-- Provided data follows --
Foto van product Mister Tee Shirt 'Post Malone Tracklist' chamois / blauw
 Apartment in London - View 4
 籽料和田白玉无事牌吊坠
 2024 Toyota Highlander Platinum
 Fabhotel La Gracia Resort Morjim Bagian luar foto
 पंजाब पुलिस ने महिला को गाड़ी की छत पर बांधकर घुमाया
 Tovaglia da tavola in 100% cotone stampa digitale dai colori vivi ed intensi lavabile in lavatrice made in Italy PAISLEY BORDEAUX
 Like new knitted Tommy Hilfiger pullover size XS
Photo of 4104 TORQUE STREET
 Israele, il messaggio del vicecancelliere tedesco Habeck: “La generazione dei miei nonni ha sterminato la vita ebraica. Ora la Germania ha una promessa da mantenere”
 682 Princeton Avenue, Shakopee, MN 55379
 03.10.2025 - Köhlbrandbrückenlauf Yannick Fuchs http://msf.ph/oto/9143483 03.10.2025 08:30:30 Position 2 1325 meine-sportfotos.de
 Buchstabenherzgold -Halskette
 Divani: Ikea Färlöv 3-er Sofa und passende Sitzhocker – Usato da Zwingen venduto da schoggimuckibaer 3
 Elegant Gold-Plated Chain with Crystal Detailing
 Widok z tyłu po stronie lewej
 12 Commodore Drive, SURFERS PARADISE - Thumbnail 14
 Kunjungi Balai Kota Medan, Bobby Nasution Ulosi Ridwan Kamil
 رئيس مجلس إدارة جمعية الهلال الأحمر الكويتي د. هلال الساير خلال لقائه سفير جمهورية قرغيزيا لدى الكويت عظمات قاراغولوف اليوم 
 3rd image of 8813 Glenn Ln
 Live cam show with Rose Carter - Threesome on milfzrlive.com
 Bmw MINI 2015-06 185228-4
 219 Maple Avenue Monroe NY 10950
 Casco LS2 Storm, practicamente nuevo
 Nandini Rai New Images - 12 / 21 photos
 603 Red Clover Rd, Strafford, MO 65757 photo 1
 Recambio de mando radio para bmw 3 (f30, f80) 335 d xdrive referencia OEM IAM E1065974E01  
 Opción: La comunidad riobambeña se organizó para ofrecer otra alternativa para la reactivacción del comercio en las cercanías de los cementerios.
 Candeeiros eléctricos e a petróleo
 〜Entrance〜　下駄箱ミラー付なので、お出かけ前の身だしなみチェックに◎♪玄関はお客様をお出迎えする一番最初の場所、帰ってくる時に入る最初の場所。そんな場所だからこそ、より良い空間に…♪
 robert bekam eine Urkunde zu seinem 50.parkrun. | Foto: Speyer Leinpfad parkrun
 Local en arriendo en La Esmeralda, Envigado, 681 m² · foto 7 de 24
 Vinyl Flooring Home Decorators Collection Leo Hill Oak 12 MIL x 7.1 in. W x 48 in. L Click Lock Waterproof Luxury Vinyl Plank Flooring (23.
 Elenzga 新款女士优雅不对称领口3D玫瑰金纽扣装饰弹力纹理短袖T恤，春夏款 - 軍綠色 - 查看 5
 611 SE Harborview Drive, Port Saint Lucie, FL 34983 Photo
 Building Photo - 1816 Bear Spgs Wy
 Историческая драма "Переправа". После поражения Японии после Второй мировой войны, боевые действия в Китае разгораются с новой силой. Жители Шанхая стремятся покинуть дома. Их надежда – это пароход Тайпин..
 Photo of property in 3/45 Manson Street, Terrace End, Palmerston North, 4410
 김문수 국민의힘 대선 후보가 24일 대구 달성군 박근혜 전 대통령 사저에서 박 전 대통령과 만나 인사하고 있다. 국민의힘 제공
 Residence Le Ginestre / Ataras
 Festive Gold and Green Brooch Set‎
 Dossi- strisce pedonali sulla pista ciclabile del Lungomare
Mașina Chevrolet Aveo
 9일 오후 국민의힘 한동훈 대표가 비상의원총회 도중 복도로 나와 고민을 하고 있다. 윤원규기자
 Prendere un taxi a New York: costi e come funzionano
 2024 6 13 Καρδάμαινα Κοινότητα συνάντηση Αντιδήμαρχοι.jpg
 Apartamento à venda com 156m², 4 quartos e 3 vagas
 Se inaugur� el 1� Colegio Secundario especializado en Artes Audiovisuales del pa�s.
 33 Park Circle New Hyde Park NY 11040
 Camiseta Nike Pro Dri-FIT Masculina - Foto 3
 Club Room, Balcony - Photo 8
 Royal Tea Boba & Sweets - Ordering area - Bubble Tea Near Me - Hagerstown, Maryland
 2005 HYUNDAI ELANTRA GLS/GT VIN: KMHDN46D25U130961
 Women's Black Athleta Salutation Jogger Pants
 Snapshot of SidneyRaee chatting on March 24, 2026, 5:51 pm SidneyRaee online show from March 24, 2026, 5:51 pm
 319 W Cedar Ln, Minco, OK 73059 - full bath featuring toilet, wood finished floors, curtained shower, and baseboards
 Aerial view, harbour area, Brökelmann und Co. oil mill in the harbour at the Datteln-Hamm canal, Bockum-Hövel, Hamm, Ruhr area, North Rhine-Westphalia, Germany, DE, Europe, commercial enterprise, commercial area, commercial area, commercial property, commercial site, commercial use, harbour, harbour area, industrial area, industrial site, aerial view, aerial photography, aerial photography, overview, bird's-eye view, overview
-- Provided data concluded --
Every entry needs to be copied again exactly.

Foto van product Mister Tee Shirt 'Post Malone Tracklist' chamois / blauw
 Apartment in London - View 4
 籽料和田白玉无事牌吊坠
 2024 Toyota Highlander Platinum
 Fabhotel La Gracia Resort Morjim Bagian luar foto
 पंजाब पुलिस ने महिला को गाड़ी की छत पर बांधकर घुमाया
 Tovaglia da tavola in 100% cotone stampa digitale dai colori vivi ed intensi lavabile in lavatrice made in Italy PAISLEY BORDEAUX
 Like new knitted Tommy Hilfiger pullover size XS
Photo of 4104 TORQUE STREET
 Israele, il messaggio del vicecancelliere tedesco Habeck: “La generazione dei miei nonni ha sterminato la vita ebraica. Ora la Germania ha una promessa da mantenere”
 682 Princeton Avenue, Shakopee, MN 55379
 03.10.2025 - Köhlbrandbrückenlauf Yannick Fuchs http://msf.ph/oto/9143483 03.10.2025 08:30:30 Position 2 1325 meine-sportfotos.de
 Buchstabenherzgold -Halskette
 Divani: Ikea Färlöv 3-er Sofa und passende Sitzhocker – Usato da Zwingen venduto da schoggimuckibaer 3
 Elegant Gold-Plated Chain with Crystal Detailing
 Widok z tyłu po stronie lewej
 12 Commodore Drive, SURFERS PARADISE - Thumbnail 14
 Kunjungi Balai Kota Medan, Bobby Nasution Ulosi Ridwan Kamil
 رئيس مجلس إدارة جمعية الهلال الأحمر الكويتي د. هلال الساير خلال لقائه سفير جمهورية قرغيزيا لدى الكويت عظمات قاراغولوف اليوم 
 3rd image of 8813 Glenn Ln
 Live cam show with Rose Carter - Threesome on milfzrlive.com
 Bmw MINI 2015-06 185228-4
 219 Maple Avenue Monroe NY 10950
 Casco LS2 Storm, practicamente nuevo
 Nandini Rai New Images - 12 / 21 photos
 603 Red Clover Rd, Strafford, MO 65757 photo 1
 Recambio de mando radio para bmw 3 (f30, f80) 335 d xdrive referencia OEM IAM E1065974E01  
 Opción: La comunidad riobambeña se organizó para ofrecer otra alternativa para la reactivacción del comercio en las cercanías de los cementerios.
 Candeeiros eléctricos e a petróleo
 〜Entrance〜　下駄箱ミラー付なので、お出かけ前の身だしなみチェックに◎♪玄関はお客様をお出迎えする一番最初の場所、帰ってくる時に入る最初の場所。そんな場所だからこそ、より良い空間に…♪
 robert bekam eine Urkunde zu seinem 50.parkrun. | Foto: Speyer Leinpfad parkrun
 Local en arriendo en La Esmeralda, Envigado, 681 m² · foto 7 de 24
 Vinyl Flooring Home Decorators Collection Leo Hill Oak 12 MIL x 7.1 in. W x 48 in. L Click Lock Waterproof Luxury Vinyl Plank Flooring (23.
 Elenzga 新款女士优雅不对称领口3D玫瑰金纽扣装饰弹力纹理短袖T恤，春夏款 - 軍綠色 - 查看 5
 611 SE Harborview Drive, Port Saint Lucie, FL 34983 Photo
 Building Photo - 1816 Bear Spgs Wy
 Историческая драма "Переправа". После поражения Японии после Второй мировой войны, боевые действия в Китае разгораются с новой силой. Жители Шанхая стремятся покинуть дома. Их надежда – это пароход Тайпин..
 Photo of property in 3/45 Manson Street, Terrace End, Palmerston North, 4410
 김문수 국민의힘 대선 후보가 24일 대구 달성군 박근혜 전 대통령 사저에서 박 전 대통령과 만나 인사하고 있다. 국민의힘 제공
 Residence Le Ginestre / Ataras
 Festive Gold and Green Brooch Set‎
 Dossi- strisce pedonali sulla pista ciclabile del Lungomare
Mașina Chevrolet Aveo
 9일 오후 국민의힘 한동훈 대표가 비상의원총회 도중 복도로 나와 고민을 하고 있다. 윤원규기자
 Prendere un taxi a New York: costi e come funzionano
 2024 6 13 Καρδάμαινα Κοινότητα συνάντηση Αντιδήμαρχοι.jpg
 Apartamento à venda com 156m², 4 quartos e 3 vagas
 Se inaugur� el 1� Colegio Secundario especializado en Artes Audiovisuales del pa�s.
 33 Park Circle New Hyde Park NY 11040
 Camiseta Nike Pro Dri-FIT Masculina - Foto 3
 Club Room, Balcony - Photo 8
 Royal Tea Boba & Sweets - Ordering area - Bubble Tea Near Me - Hagerstown, Maryland
 2005 HYUNDAI ELANTRA GLS/GT VIN: KMHDN46D25U130961
 Women's Black Athleta Salutation Jogger Pants
 Snapshot of SidneyRaee chatting on March 24, 2026, 5:51 pm SidneyRaee online show from March 24, 2026, 5:51 pm
 319 W Cedar Ln, Minco, OK 73059 - full bath featuring toilet, wood finished floors, curtained shower, and baseboards
 Aerial view, harbour area, Brökelmann und Co. oil mill in the harbour at the Datteln-Hamm canal, Bockum-Hövel, Hamm, Ruhr area, North Rhine-Westphalia, Germany, DE, Europe, commercial enterprise, commercial area, commercial area, commercial property, commercial site, commercial use, harbour, harbour area, industrial area, industrial site, aerial view, aerial photography, aerial photography, overview, bird's-eye view, overview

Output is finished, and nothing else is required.